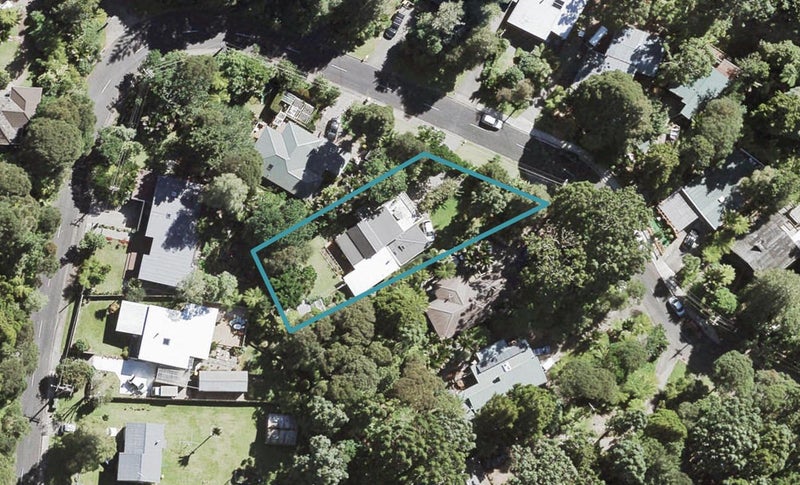 27 Sylvan Valley Avenue, Titirangi, Auckland - Carousel 1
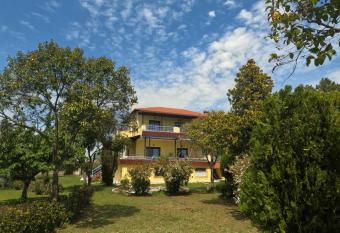 Pond and Pines, by Nice house by the sea! has Balcony rooms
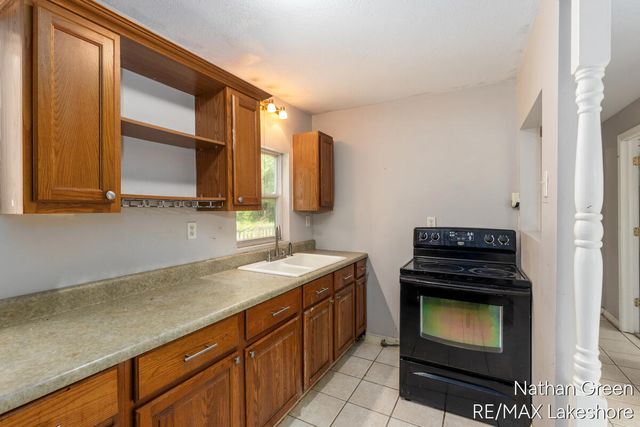 1267 Chatterson Road, Egelston Twp, MI 49442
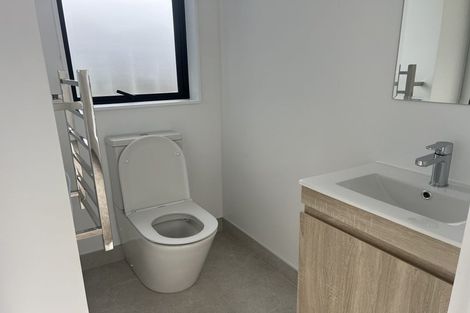 Photo of property in 2 Northgrove Avenue, Hillcrest, Auckland, 0627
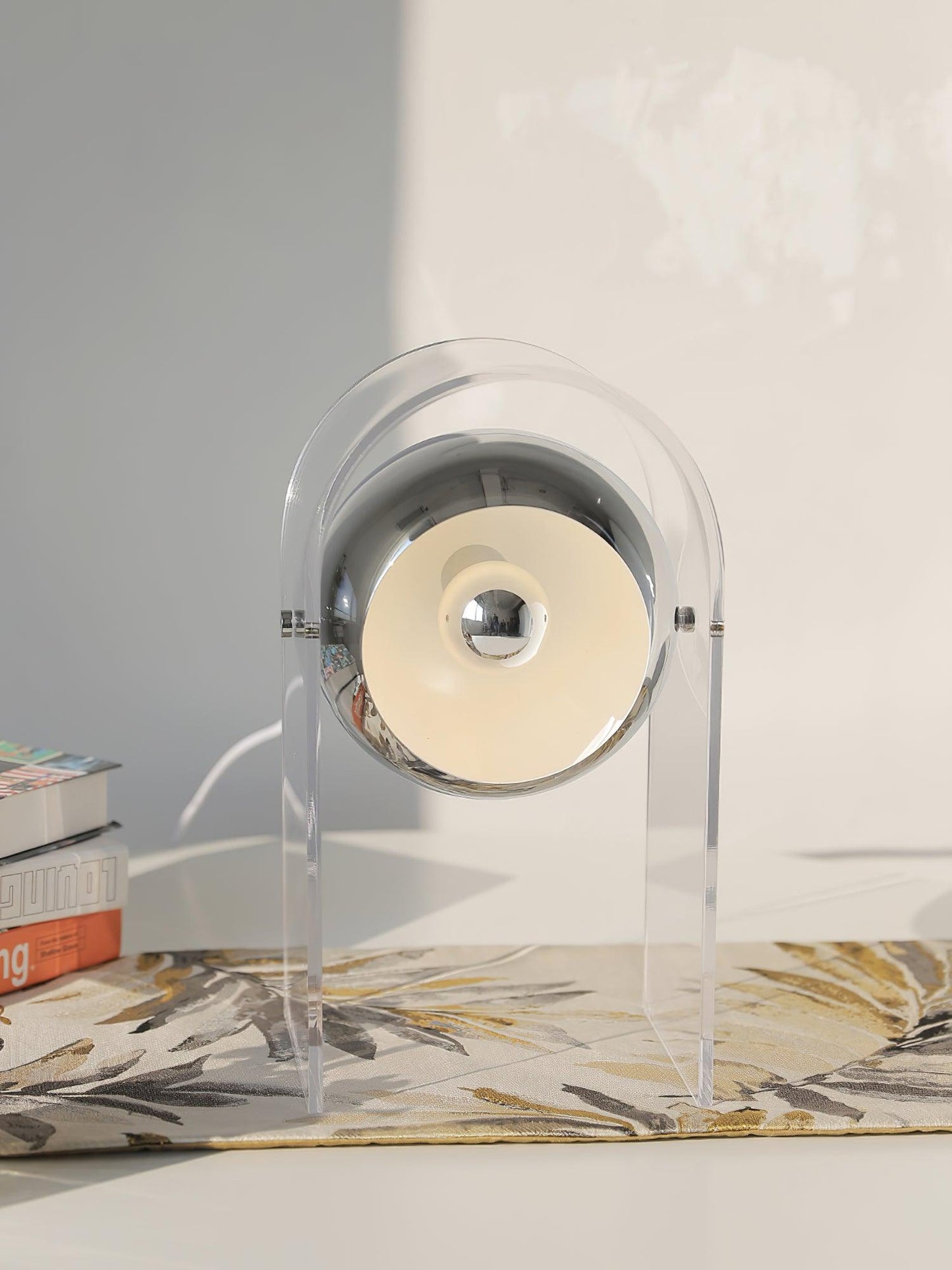 InstaGloed - Table Lamp with Touch Sensor and Elegant Finish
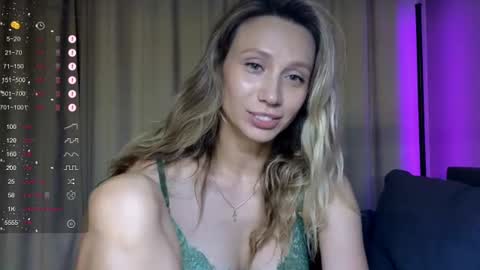Snapshot of alicewonders_ chatting on 07-11-26, 08:33 Alice online show from 07-11-26, 08:33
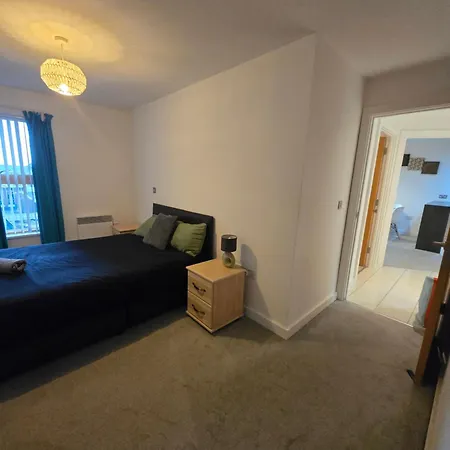 Appartement Brilliant 2 Bedroom *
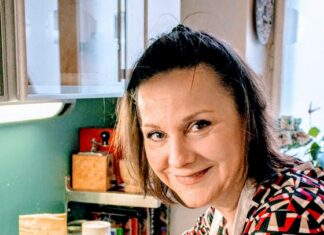 Jewish Cultural Festival / Österreichische Botschaft Kopenhagen Das Bild zeigt die Wiener Kulturvermittlerin Maschi Mermelstein-Stössel bei der Zubereitung jüdischer koscherer Speisen.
• • • • •
*Exercise objective*.
Repeat every entry exactly, but leave out the pictures.

*Answer to this exercise*.
 27 Sylvan Valley Avenue, Titirangi, Auckland - Carousel 1
 Pond and Pines, by Nice house by the sea! has Balcony rooms
 1267 Chatterson Road, Egelston Twp, MI 49442
 Photo of property in 2 Northgrove Avenue, Hillcrest, Auckland, 0627
 InstaGloed - Table Lamp with Touch Sensor and Elegant Finish
Snapshot of alicewonders_ chatting on 07-11-26, 08:33 Alice online show from 07-11-26, 08:33
 Appartement Brilliant 2 Bedroom *
 Jewish Cultural Festival / Österreichische Botschaft Kopenhagen Das Bild zeigt die Wiener Kulturvermittlerin Maschi Mermelstein-Stössel bei der Zubereitung jüdischer koscherer Speisen.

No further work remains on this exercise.